Bait and Switch: Human Rights and U.S. Foreign Policy. By
Julie A. Mertus. New York: Routledge, 2004. 320p. $75.00 cloth, $19.95
paper.
In her timely book, Julie Mertus argues that the United States is one
of the world's leading architects and promoters of international
human rights. However, the United States, much like an unscrupulous car
dealer, “uses its wealth and influence to mislead other states about
its commitment to the human rights framework, appearing as universalist
when actually it is applying double-standards” (p. 210). In other
words, the United States relies on one set of human rights standards for
itself and another set of standards to judge other states. Mertus starts
out her project hoping to discover that human rights norms have become
“deeply embedded,” “institutionalized,” or
“internalized” into the U.S. foreign policy framework.

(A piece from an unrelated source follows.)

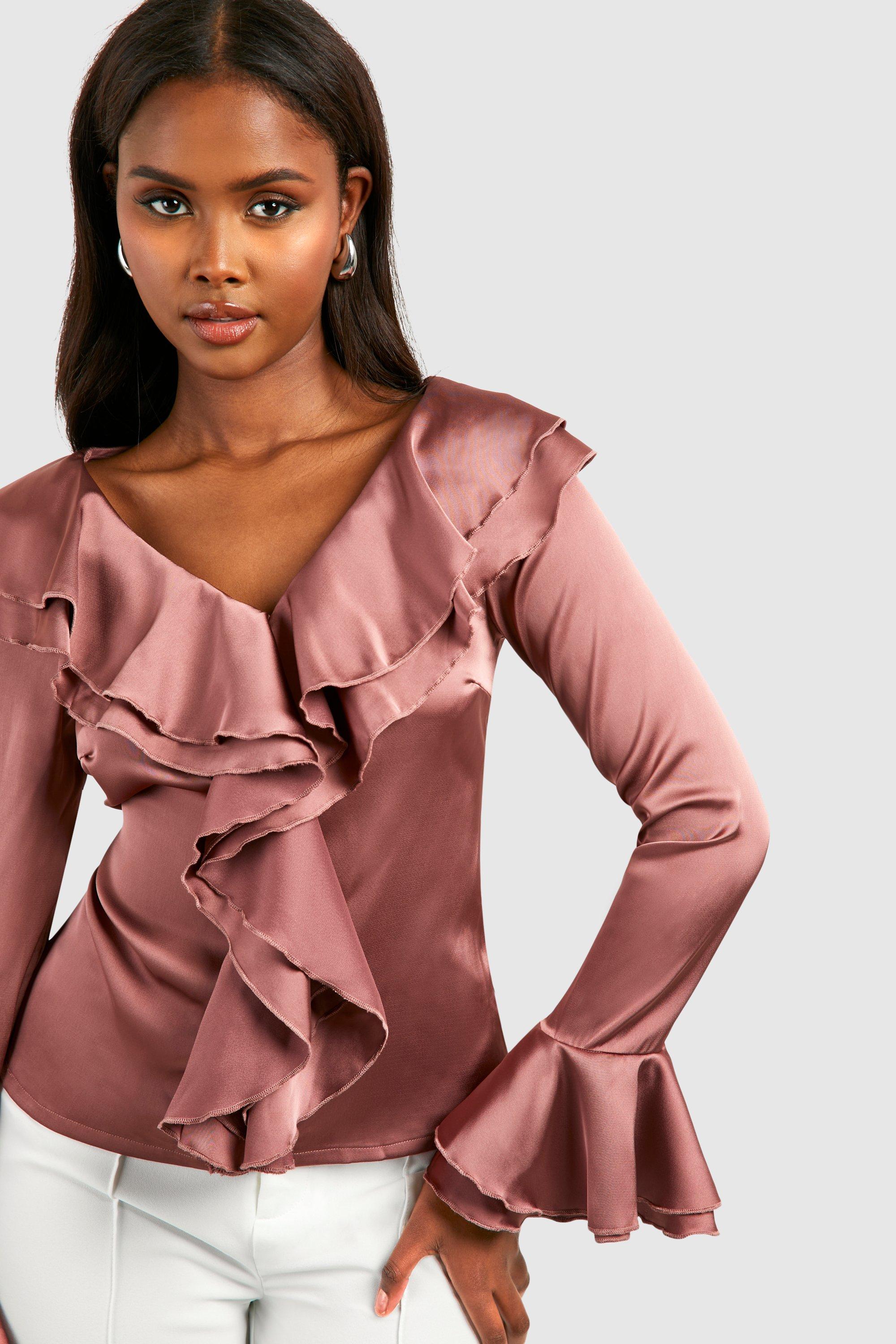 Satin Extreme Ruffle Blouse boohoo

Instead, she finds that both the executive branch and the Defense
Department routinely override human rights concerns in favor of
instrumental foreign policy gains. This American exceptionalism or
exemptionalism of excusing itself from institutions and norms that it
establishes and purports to follow has prevented human rights norms from
fully embedding themselves into U.S. foreign policy. Mertus points to an
inherent ambivalence and structural inability of the United States to
actually follow through on its very own human rights goals. She finds some
evidence to suggest that it indeed does respect and value human rights,
but there is strong counterevidence to suggest that it is not able to
actually translate human rights aspirations to meaningful policies.